Total schedule latency is the sum over all tiles across all subgraphs. The optimizer's goal is to push each tile toward the compute-bound side of the roofline — large enough to amortize memory transfer, small enough to fit in SRAM.

Roofline plot. Each granularity choice places a tile at a specific arithmetic intensity. The goal is to operate at or above the ridge point where compute and memory are balanced.

The Four Optimization Levers

1. Fusion

When consecutive ops are fused into one subgraph, their shared intermediate tensor becomes ephemeral — computed and consumed entirely in fast memory, never touching HBM. This eliminates both the capacity cost of holding the tensor and the bandwidth cost of a round-trip through HBM. The constraint: all ops in a fused subgraph share a single tile granularity, so aggressive fusion can force a suboptimal granularity compromise.

Unfused (left): intermediate tensor written to HBM then reloaded. Fused (right): intermediate is ephemeral — lives entirely in SRAM, bandwidth cost eliminated.

2. Granularity [w, h, k]

Controls spatial tiling of the output tensor and the k-dimension partitioning of MatMuls. Larger tiles have better arithmetic intensity (fewer tiles, less overhead) but need more SRAM. Split-K — small k — is particularly useful for chained MatMuls: streaming thin slices of B and C keeps the accumulator resident in fast memory, enabling fusion of chains that would OOM at larger k.

3. Traversal Order

For MatMul C = A × B tiled into a grid, traversal order determines which tiles share SRAM-resident data. Raster order (left-to-right, top-to-bottom) reuses A strips but reloads B columns on each row. Zig-zag alternates direction on each row, reusing B strips across adjacent rows — cutting unique HBM loads by up to 50% for typical shapes.

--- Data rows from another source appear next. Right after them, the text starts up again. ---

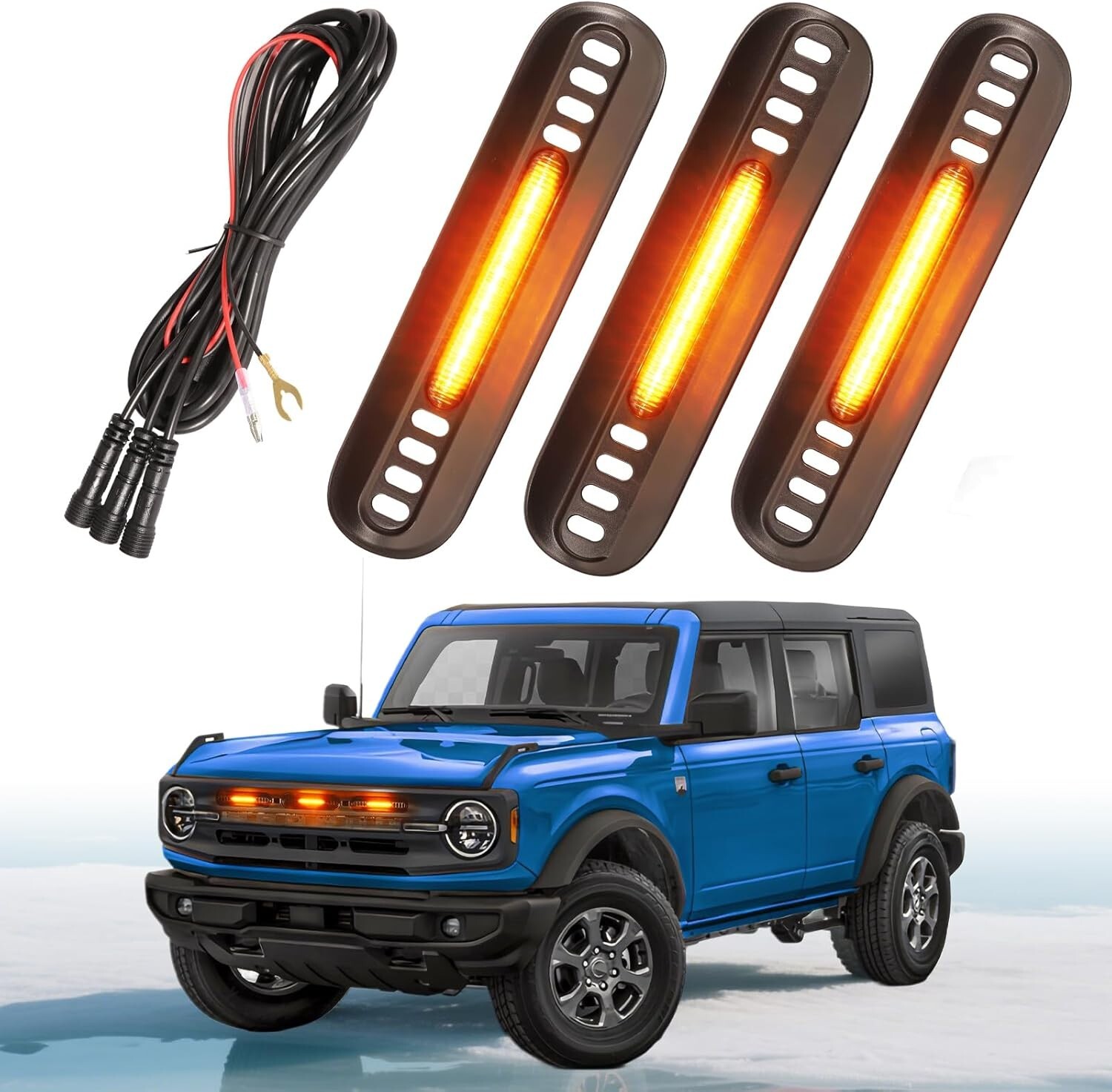 LED Grille Lights for Ford Bronco Big Bend Outer Bank 2021-2024 Accessories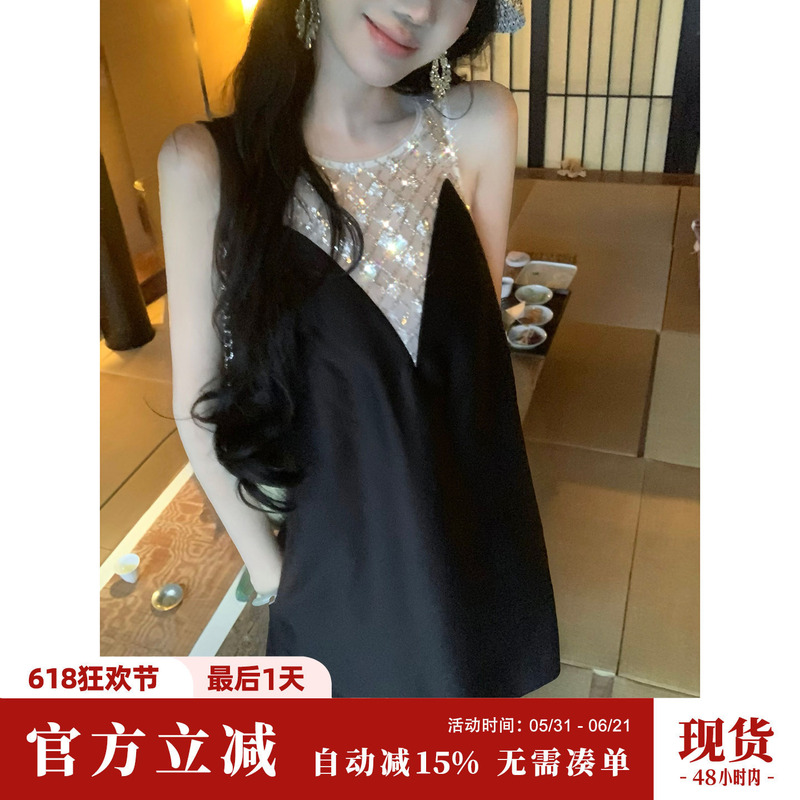 Sun Yaqiao【Zhuona Gallery】Summer New Style Vest Dress with Black and White Contrasting Colors and Beaded Short Dress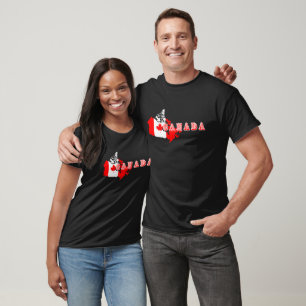 Camiseta Sinalizador de mapa de script canadense simples mo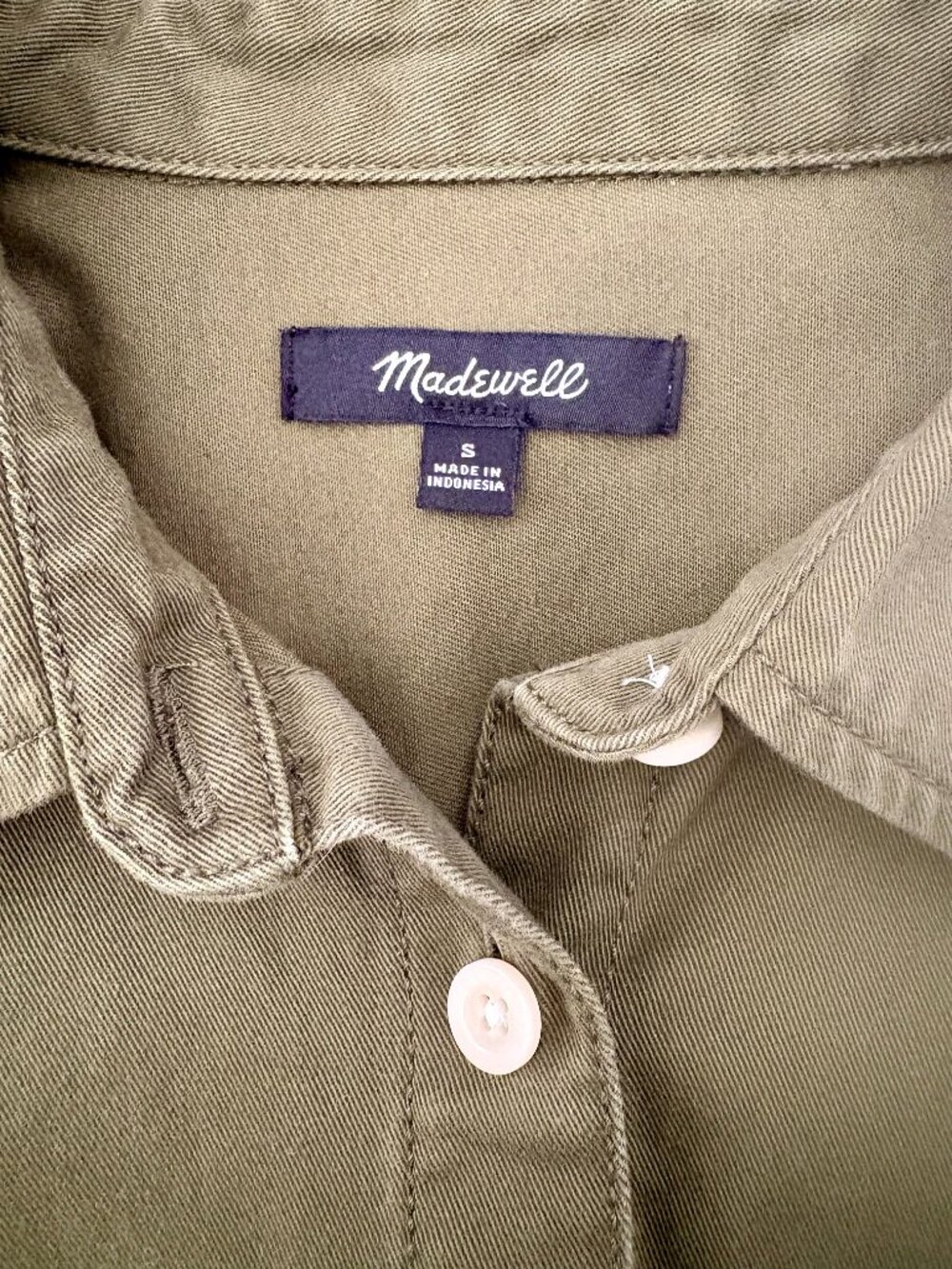 Madewell Olive Green Long-Sleeve Button-Up Shirt - Picture 4 of 5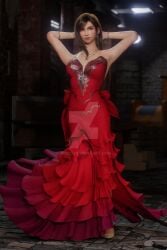 3d 3d_(artwork) 3d_model 3d_render aerith_gainsborough_(cosplay) armband arms_up asian asian_female black_hair cleavage deviantart deviantart_logo dress earrings elegant elegant_dress final_fantasy final_fantasy_vii final_fantasy_vii_rebirth final_fantasy_vii_remake fit fit_female high_heels highres jewelry long_hair long_skirt necklace outside posing posing_for_the_viewer red_dress red_eyes tifa_lockhart w1lson82 watermark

Raster order (left) reloads the B strip on every row change. Zig-zag (right) reuses the B strip across adjacent rows by reversing direction, halving the unique HBM loads in many cases.

4. Recomputation

In diamond/skip-connection patterns (ubiquitous in transformers), a tensor produced by one op is consumed by two downstream ops in different subgraphs. The options: spill it to HBM (pay bandwidth to store + reload), retain it in SRAM (pay capacity to hold it), or recompute it in each consuming subgraph (pay compute to avoid the HBM trip). For cheap pointwise producers, recomputation is often the right call — same idea as FlashAttention's recomputation of attention weights in the backward pass.

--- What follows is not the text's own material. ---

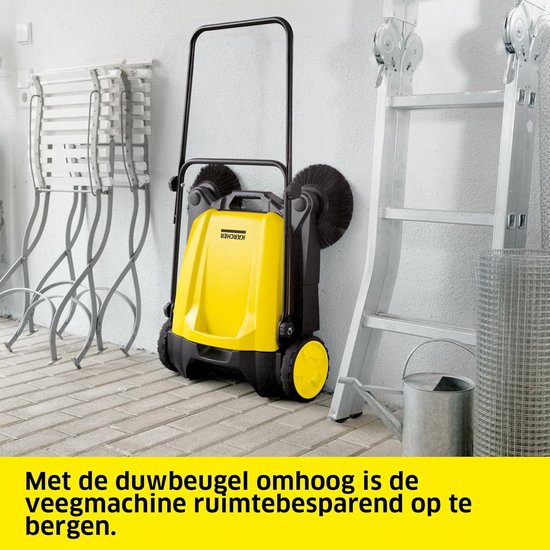 Veegmachine - Handveger - Buiten reinigen - 2-in-1 borstels - 65 cm werkbreedte - Geel — afbeelding 2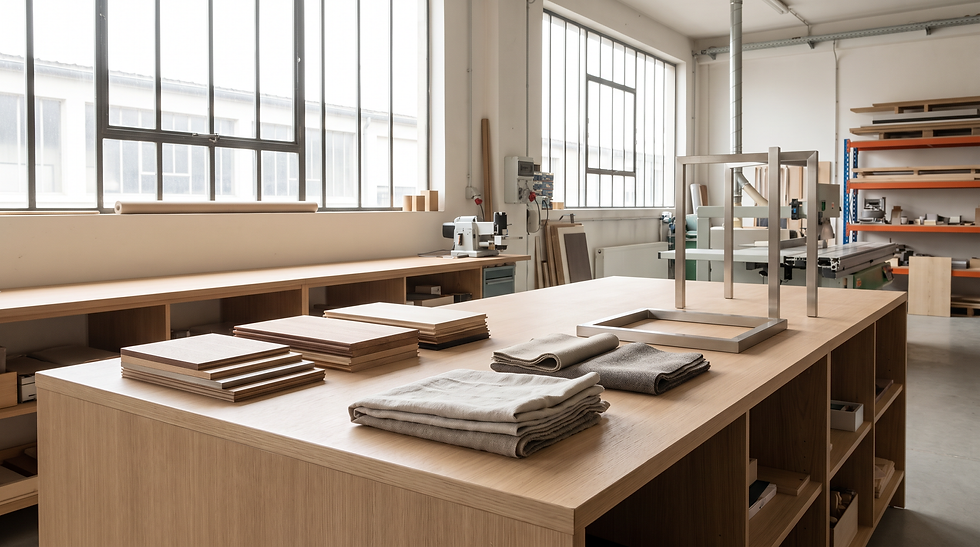Muestras de materiales, tejidos y componentes para personalización de muebles OEM.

Three strategies for a skip-connection pattern. Spill: 3 subgraphs, highest latency. Recompute: 2 subgraphs with the producer duplicated, avoids HBM round-trip. Retain: 2 subgraphs with the tensor kept resident, lowest latency if SRAM budget allows.

The Solver

The solver is implemented in C++. Fusion is a greedy hill-climber: evaluate all adjacent subgraph pairs, score each candidate merge by estimated latency reduction, commit the highest-scoring merge that passes the capacity check, and repeat until no beneficial merge remains. Before committing any merge, the solver runs a BFS cycle check — merging two subgraphs can create a cycle in the subgraph DAG, which is a correctness violation.

Split-K for a chained MatMul (A×B)×C. Small k streams thin slices of B and C while keeping the accumulator resident in SRAM — enabling fusion of chains that would OOM at larger k values.

After fusion, each subgraph gets an independent granularity search: iterate tile sizes from large to small, pick the largest [w, h, k] that fits within SRAM budget, using the roofline model to bias toward compute-bound configurations. Tile order defaults to zig-zag for all MatMul subgraphs; retention decisions are made greedily based on next-use distance and current capacity pressure.

Results

Speedup over the unfused naive baseline across the 5 benchmark graphs. Larger graphs with more fusion opportunities (e.g., graph 17, 103 ops) see the largest gains.